The pictures here come from several of Barth's recent calculations, most of which were done this year for his Ph.D. dissertation at UT Austin under the direction of Dr. Graham Carey of the Institute for Computational and Engineering Sciences (ICES). The dissertation, "Simulation of Non-Newtonian Fluids on Workstation Clusters," earned Barth his doctorate in May 2004, but the studies began with a "benchmark contest" for a conference held in May 2001.

"Bill's interest in computational fluid dynamics and high-performance computing were well suited to this type of study," Carey says. Surprisingly, the behavior of shear-thinning fluids, while easy to describe qualitatively or observe empirically, is extraordinarily complex and difficult to capture in a computational fluid dynamics model. "Over the past several years, I found that I needed to pull together a number of recently developed computational techniques, and I needed a tremendous amount of computational power just to begin to attack some of these problems," Barth says.

Newtonian and non-Newtonian

As background to Barth's study, it is worth noting that fluid dynamics covers a lot of territory. Of the normal solid-liquid-gas phases of matter, the liquids and the gases are usually treated computationally as fluids. Some of the solids exhibit plastic, fluid behavior, too (ductile metals, for example). The formal mathematics of fluid dynamics even reaches out to encompass the behavior of plasmas (ionized gases) and the strange laboratory constructs called Bose-Einstein condensates: collections of atoms trapped at temperatures close to absolute zero.

Figure 1
Figure 1. Fully developed natural (buoyant) convection of a shear-thinning fluid in a box heated from below and cooled from above. Calculations made on Lonestar by William Barth and visualization done on Maverick by Karla Vega, both of TACC.

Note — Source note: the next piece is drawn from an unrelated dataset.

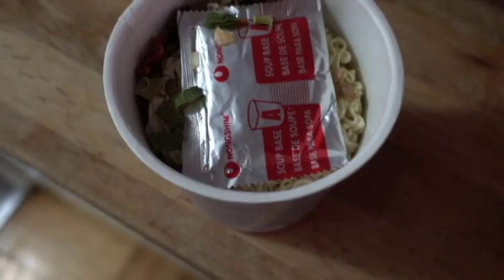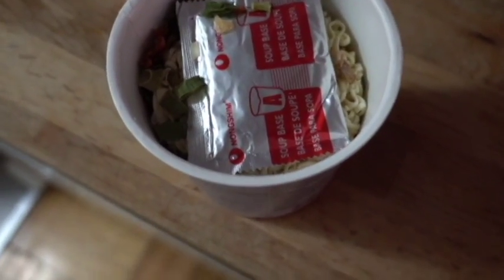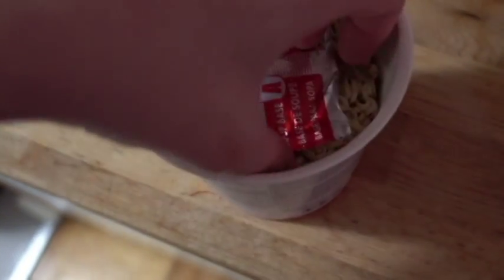Hi guys! So today we're going to be making Hillary Clinton instant soup. We don't really need much for this soup. We just need a cup of instant soup. Now as you can see here, I haven't put water in. I haven't opened the packets.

With such a wide range of targets comes a panoply of properties used to classify the kinds of fluids and their ways of flowing. An important property is viscosity, a measure of the resistance of a fluid to deformation under shear stress (any force that tends to change the shape of the material): the thicker the fluid, the higher its viscosity. If the viscosity does not change as the shear stress is applied, a fluid is said to be "Newtonian." Water and air are both Newtonian fluids.

Non-Newtonian fluids are those whose viscosity does change under a shear stress. The behavior of such fluids (and of Newtonian fluids as well) may depend also on whether other stresses include heating or cooling and on how long a stress is applied. The apparent viscosity of ketchup, for example, decreases with the duration of the stress--the harder and longer you pound on the bottom of the bottle, the more likely a spurt of runny ketchup will be your reward. Such fluids are classified as "shear-thinning" fluids. There are several varieties of these, classified by other properties like response to heating or applied pressure, or elastic behavior.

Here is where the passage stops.